The second story deals with a worker at a hostess club named Mi-ran (Shin Hyun-bin) who is currently trapped in an abusive marriage. At her job she meets Jin-tae (Jung Ga-ram), something of a good-hearted punk, who takes a liking to her. Together, seeing an opportunity for freedom (and a big payout from his life insurance), they plan his murder. Lastly is the story of Tae-young (Jung Woo-sung), a customs officer whose girlfriend Yeon-hee (Jeon Do-yeon) has vanished, leaving him with her enormous debt to mob boss Park (Jung Man-sik). However, he learns that a wealthy “sucker” is attempting to flee the country to China by boat, and sets up a plan with his friend Carp (Park Ji-hwan) to scam them before they can leave.
To call Beasts Clawing at Straws a busy film is something of an understatement. The point of the film is to see how all of these converge but in order to do that, we’re treated to a very set-up heavy opening. It’s a story you have to be patient but at least it never dawdles (in telling three separate stories over 6 chapters, the film paces itself very nicely). Still, they all start off quite disparate, making it difficult to really connect to anything that’s happening. It feels like we’re watching three separate first acts because, well, we are and it doesn’t make for the most appealing beginning.
But it’s thankfully saved by having its stories all be captivating enough on their own. Joong-man’s struggles at home and his low-paying job are probably the most relatable, if the least engaging while Mi-ran’s Hitchcockian story of premeditated murder and its many, many consequences stands out and is genuinely exciting from start to finish. Tae-young’s story is more mixed, featuring some of the best sequences in the entire film (the drinking scene in the start of the third act is genuinely thrilling) and some excellent side characters but is also the least comprehensible for a large chunk of its runtime.
There’s nothing in Beasts that you haven’t seen before, but director Kim Yong-hoon is still able to farm some life from some tired tropes.
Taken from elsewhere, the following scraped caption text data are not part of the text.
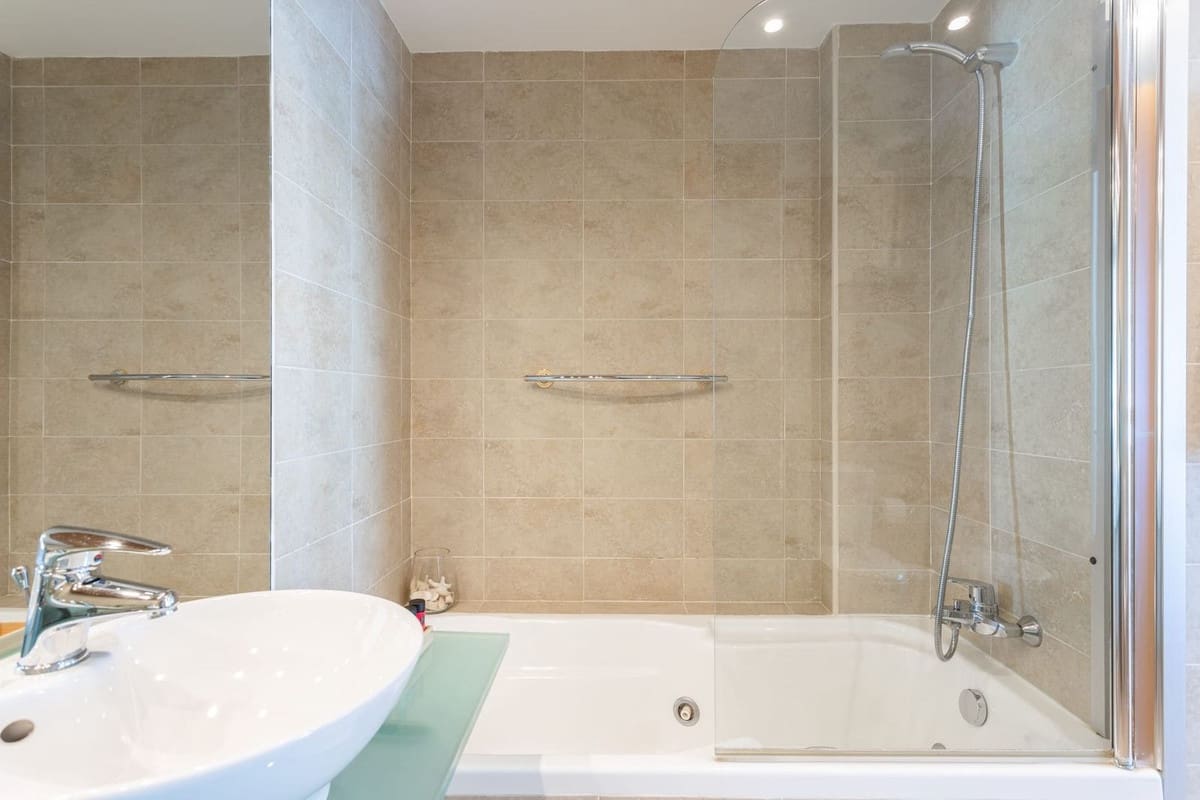 3 bedroom Penthouse for sale in Fuengirola with pool garage - € 695,000 (Ref: 10073236)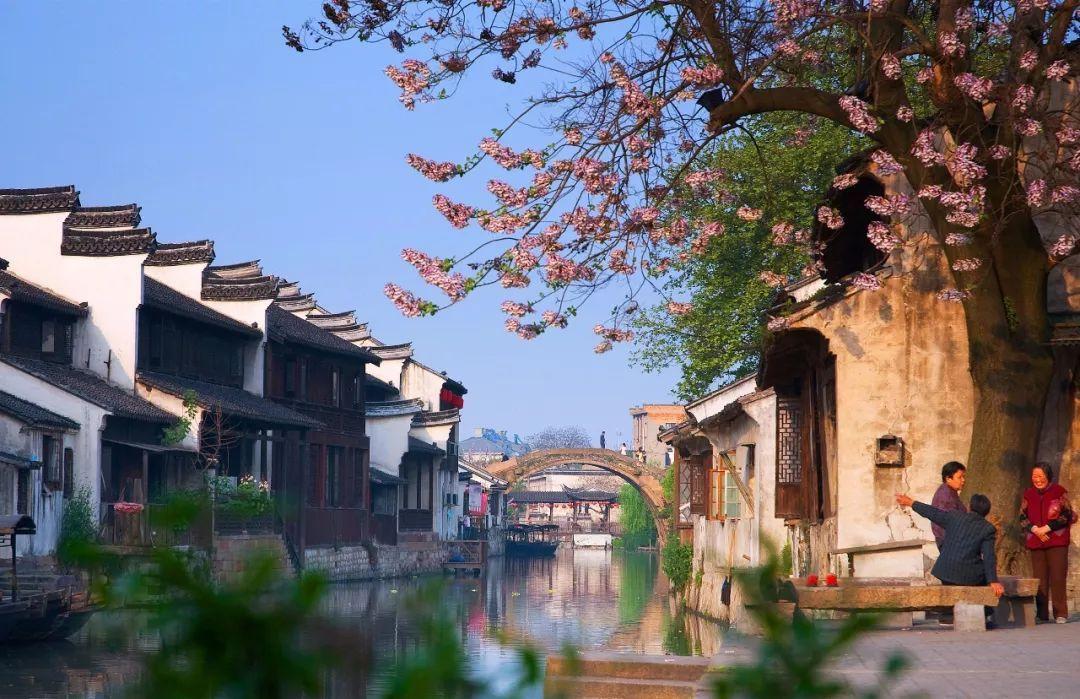 中老铁路国际旅客列车迎来开通后首个春运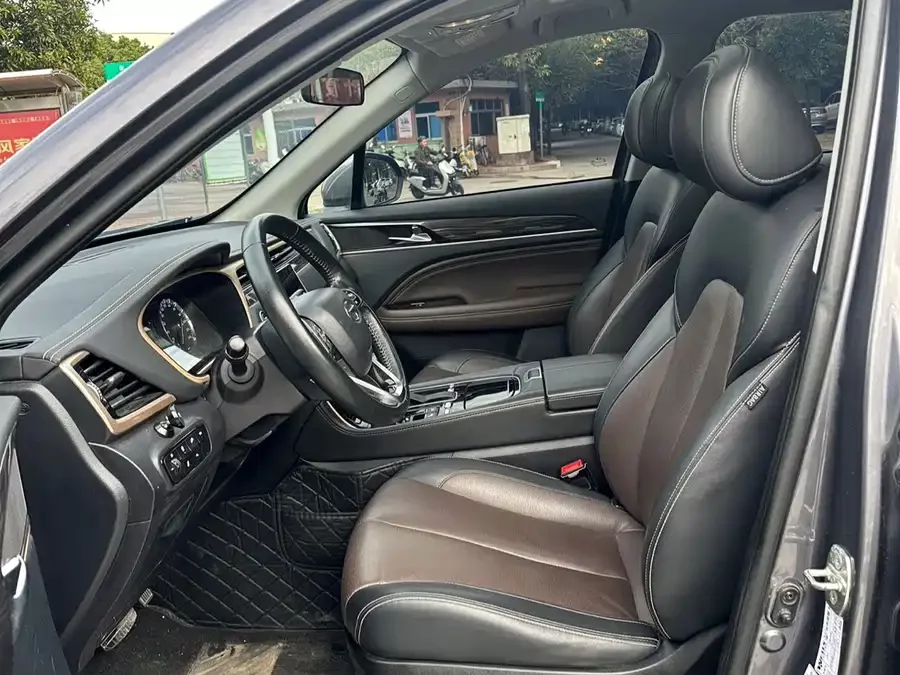 GAC Trumpchi GS5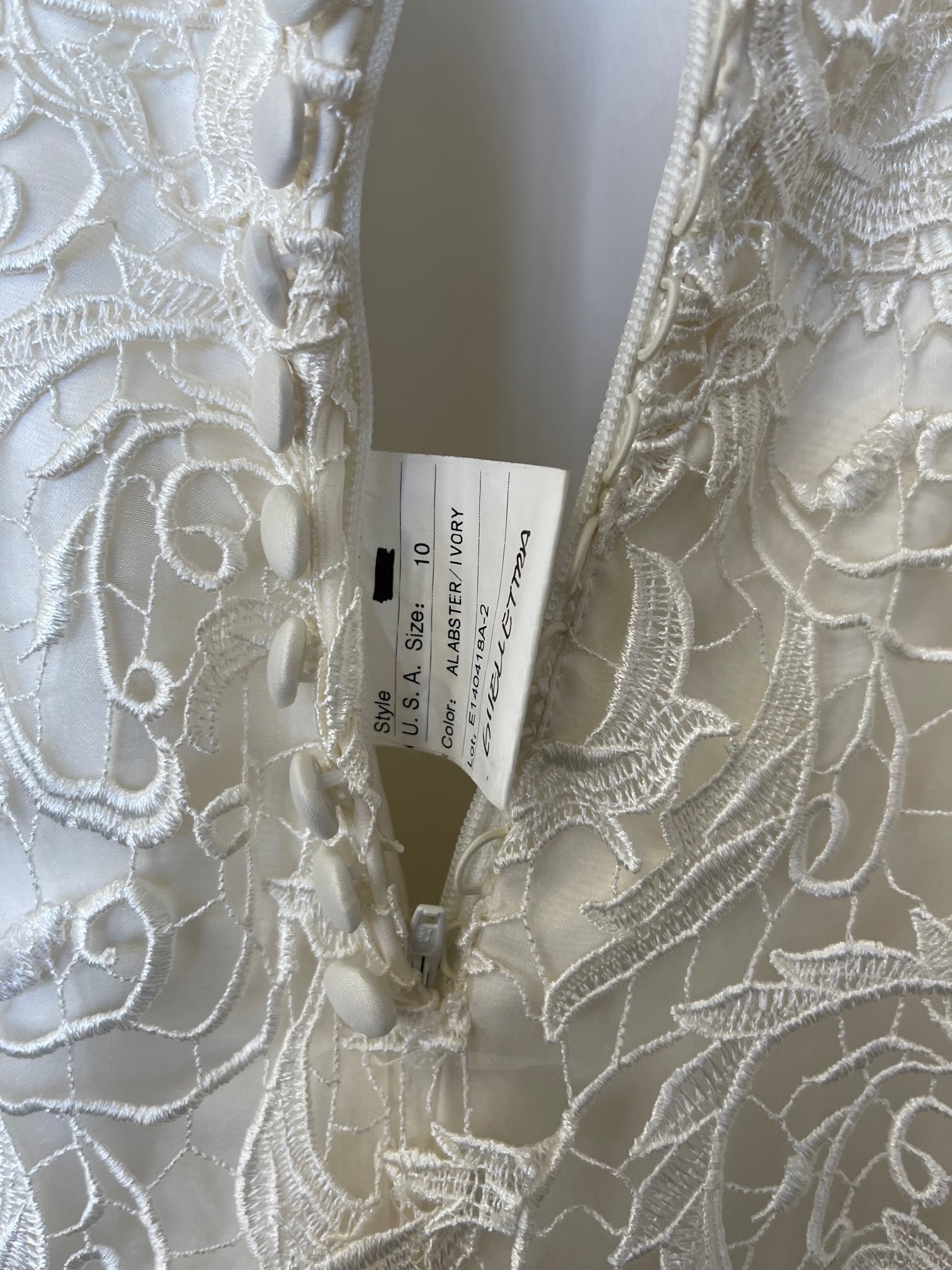 Justin Alexander - 8761 Sample Gown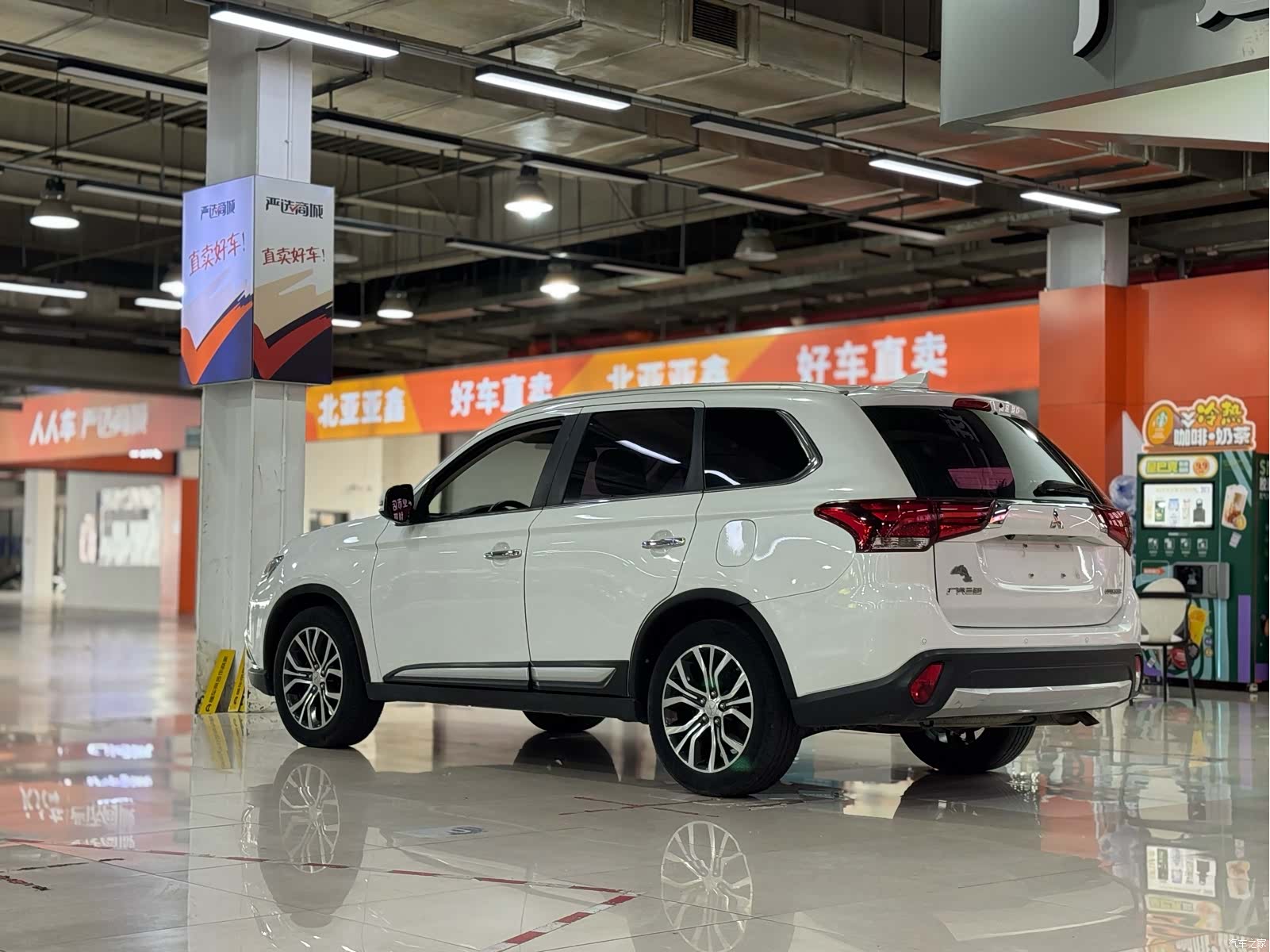 Mitsubishi Outlander, 2017 6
His work behind the camera is excellent, especially for a debut feature, he’s got a cast that play their roles perfectly and – most importantly – he’s able to stick the landing. It’s not easy for films that this to come together neatly and while I have a couple of reservations with what would count as spoilers, it didn’t do much to tarnish the feeling of satisfaction I felt at the way everything came together by the end credits. It’s not the easiest trick to pull off, and it gets more difficult as the number of stories increases so it’s gratifying to see how Beasts wraps up.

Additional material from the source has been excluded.